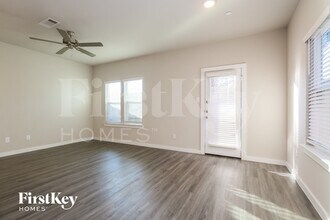 434 S Centro Cir in Shenandoah, TX - Building Photo - Building Photo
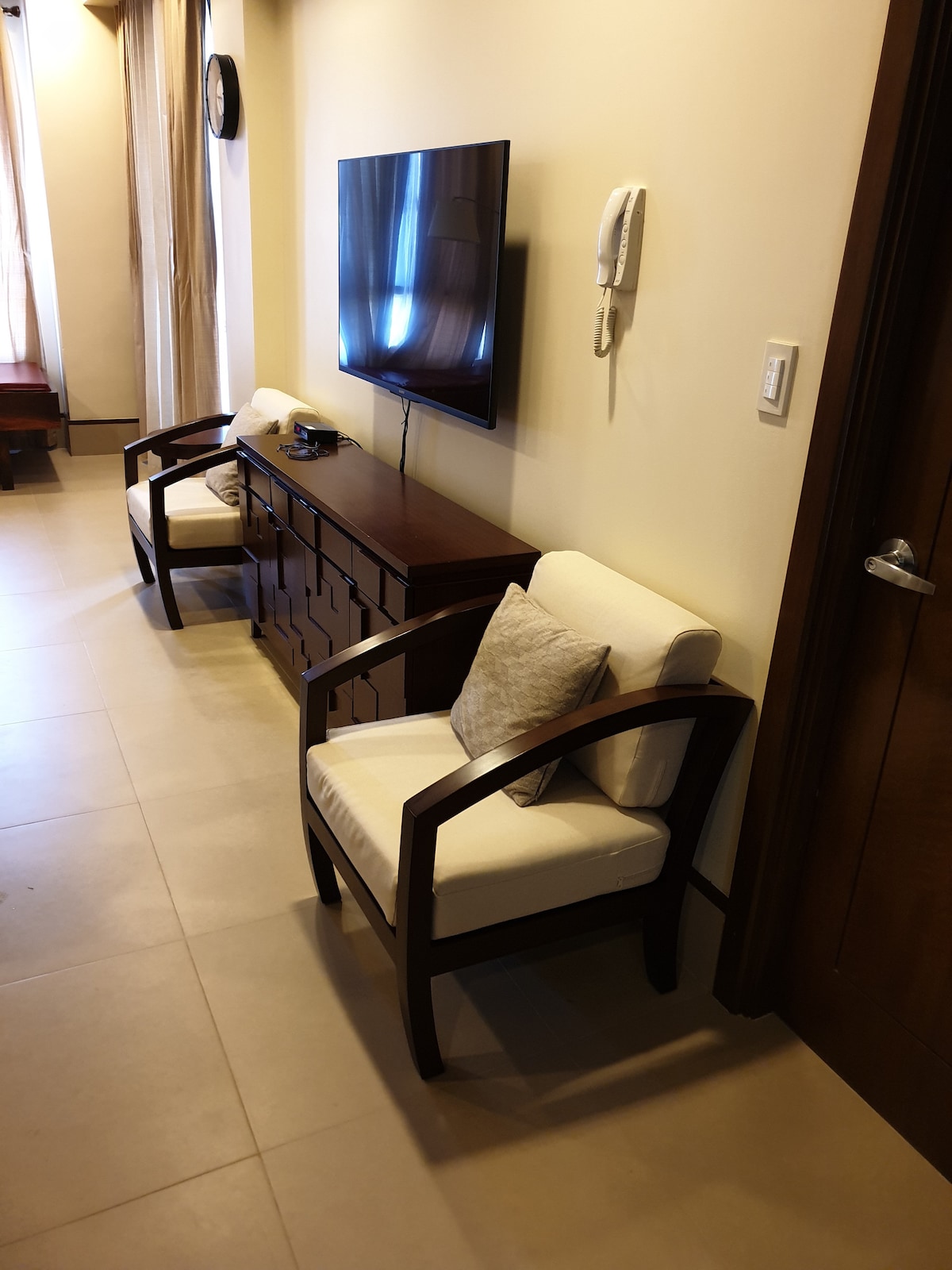 Სასტუმრო ოთახი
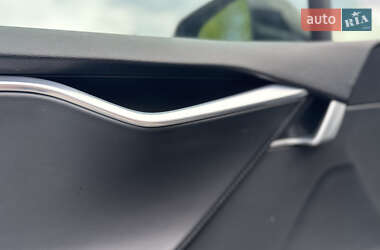Лифтбек Tesla Model S 2014 в 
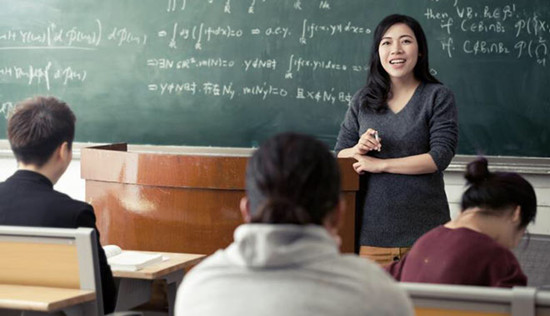 “复杂网络”中的学者吴晓群：以智慧探索“美丽”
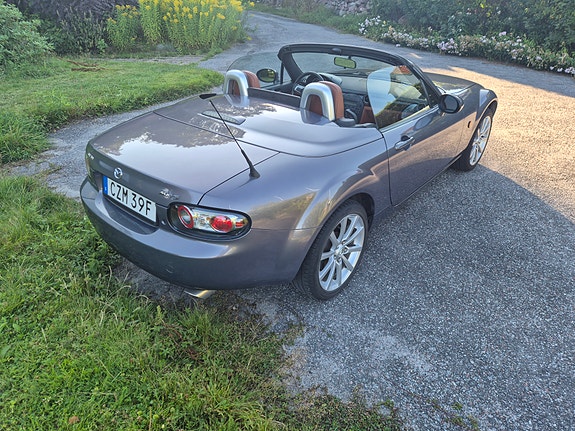 Mazda MX-5 4 of 6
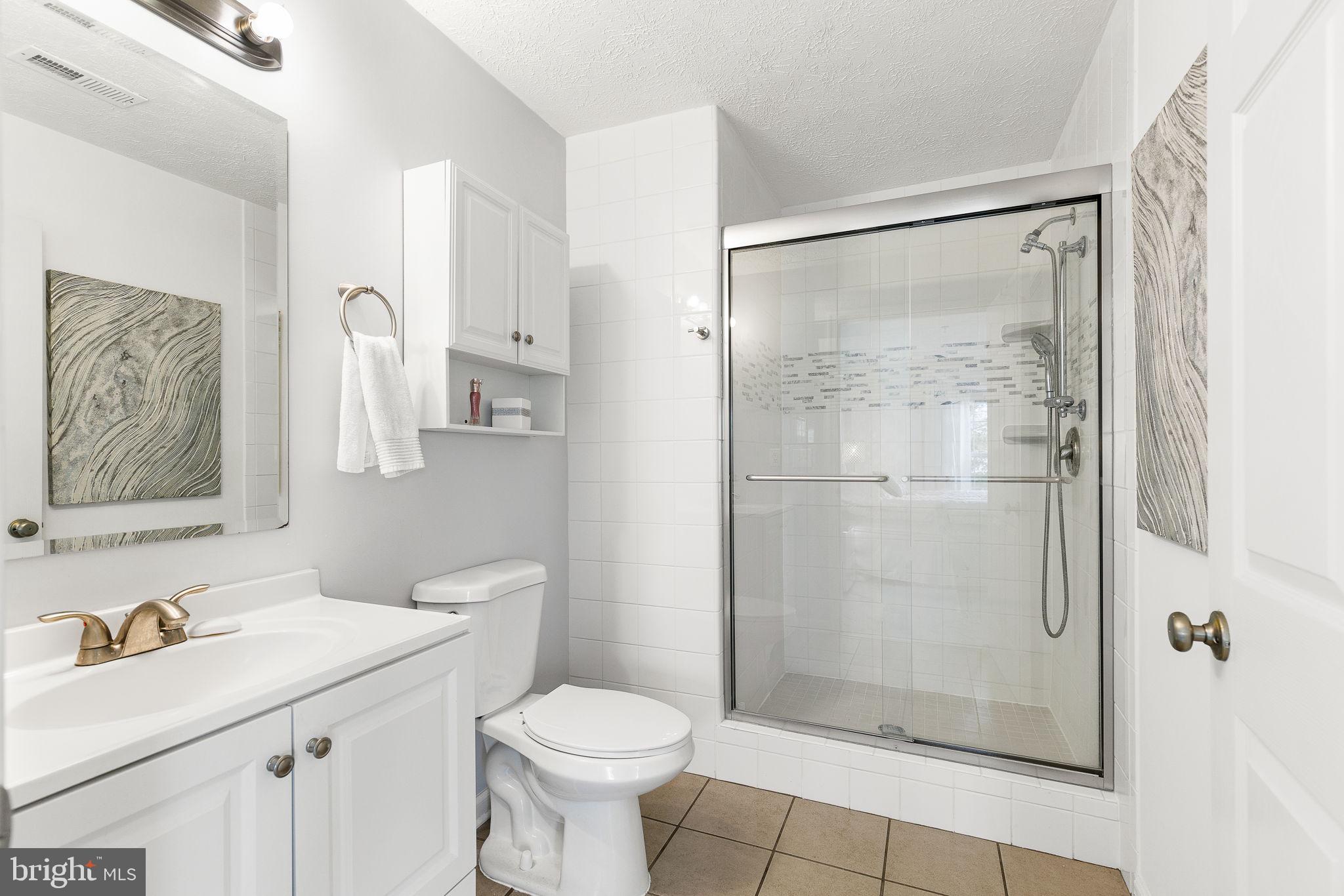 PARKVIEW CONDOMINIUMS - Residential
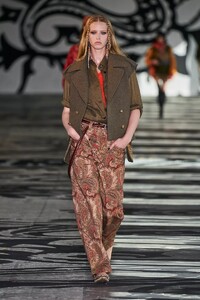 defile-etro-automne-hiver-2021-2022-milan-look-3.thumb.jpg.24f3b47e7193ebaf93449319e9fa0471.jpg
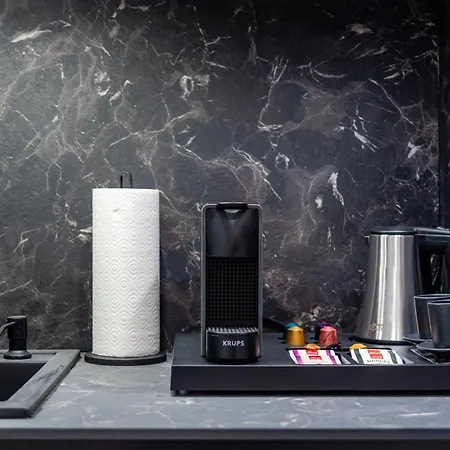 At 4 & דירה ספליט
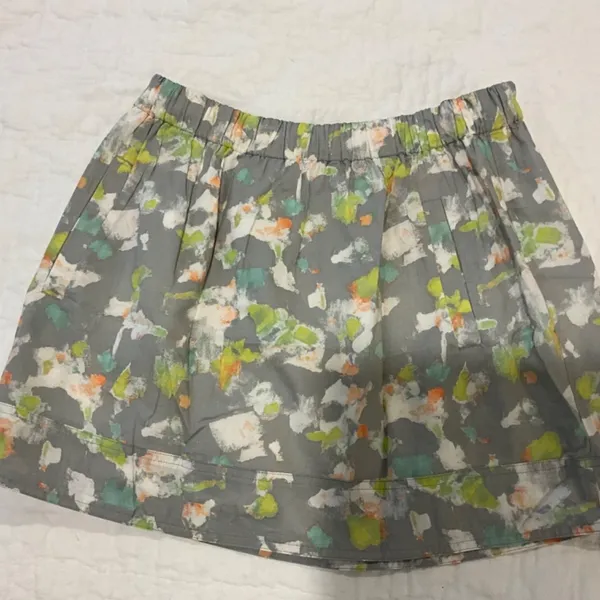 J. Crew 100% Cotton Elastic Waist Pockets Gray Floral Mini Skirt Size Small - Image 4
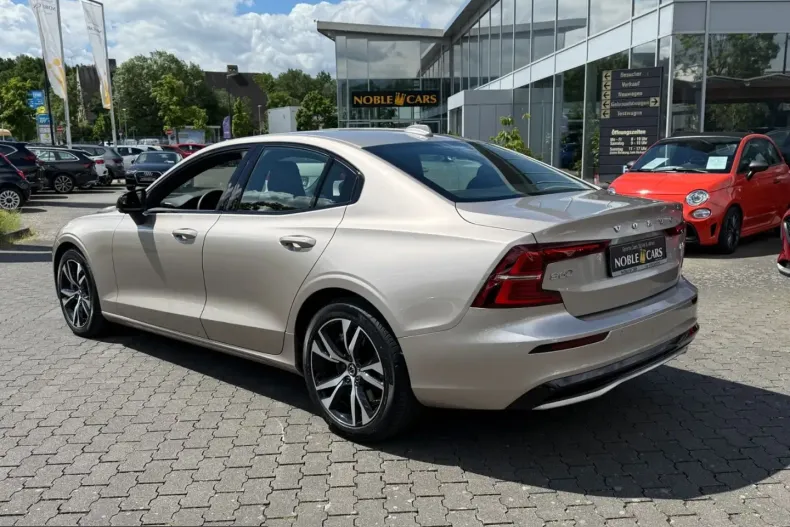 Volvo S60 din 2023 cu 19.600 km - oferta VOL253817 - foto 5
____
Return every entry exactly, dropping the pictures.

▶ [SOLUTION FOR THIS PROBLEM]
 434 S Centro Cir in Shenandoah, TX - Building Photo - Building Photo
 Სასტუმრო ოთახი
Лифтбек Tesla Model S 2014 в 
 “复杂网络”中的学者吴晓群：以智慧探索“美丽”
 Mazda MX-5 4 of 6
 PARKVIEW CONDOMINIUMS - Residential
 defile-etro-automne-hiver-2021-2022-milan-look-3.thumb.jpg.24f3b47e7193ebaf93449319e9fa0471.jpg
 At 4 & דירה ספליט
 J. Crew 100% Cotton Elastic Waist Pockets Gray Floral Mini Skirt Size Small - Image 4
 Volvo S60 din 2023 cu 19.600 km - oferta VOL253817 - foto 5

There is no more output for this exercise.